Studies in American Indian Literatures
- Discipline: Native American studies
- Language: English
- Edited by: June Scudeler and Siobhan Senier

Publication details
- Former names: Newsletter of the Association for the Study of American Indian Literatures, ASAIL Newsletter
- History: 1977-present
- Publisher: University of Nebraska Press on behalf of the Association for the Study of American Indian Literatures (United States)
- Frequency: Biannual

Standard abbreviations
- ISO 4: Stud. Am. Indian Lit.

Indexing
- ISSN: 0730-3238 (print) 1548-9590 (web)
- LCCN: sf94091831
- JSTOR: 07303238
- OCLC no.: 54533161

Links
- Journal homepage; Online access at Project MUSE;

= Studies in American Indian Literatures =

Studies in American Indian Literatures is a biannual peer-reviewed academic journal covering Native American literature.
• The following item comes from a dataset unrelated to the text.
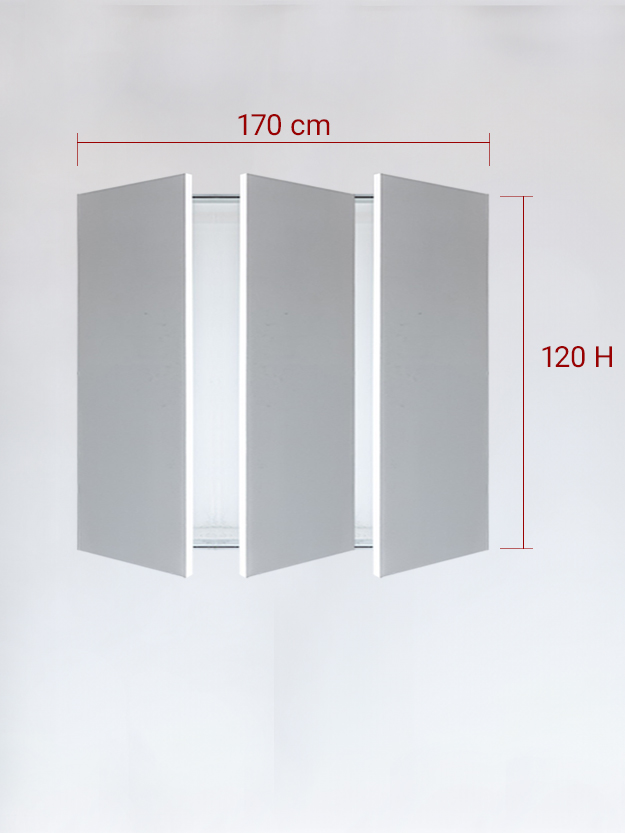 Sportello filomuro a 3 ante cm 170x120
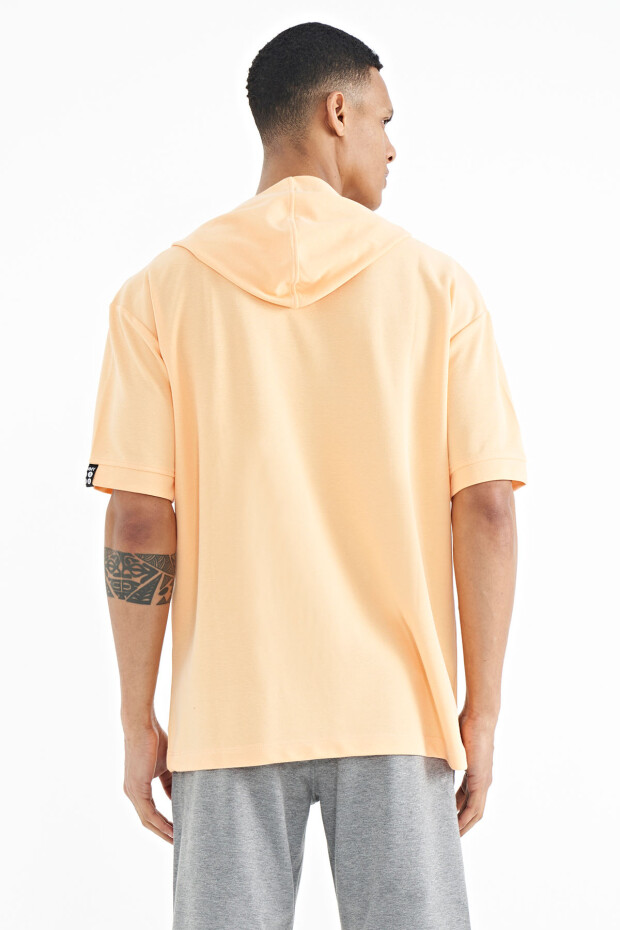 Kavun Içi Kapüşonlu Kol Etiket Detaylı Oversize Erkek T-shirt - 88179 - 6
It is published by the University of Nebraska Press on behalf of the Association for the Study of American Indian Literatures.

== History ==
The journal was established in 1977 as the Newsletter of the Association for the Study of American Indian Literatures and changed to ASAIL Newsletter in 1978 before the journal obtained its current title in 1980. Publication was interrupted from 1987 to 1989.

== Abstracting and indexing ==
The journal is abstracted and indexed in the Arts and Humanities Citation Index, Current Contents/Arts & Humanities, and Scopus.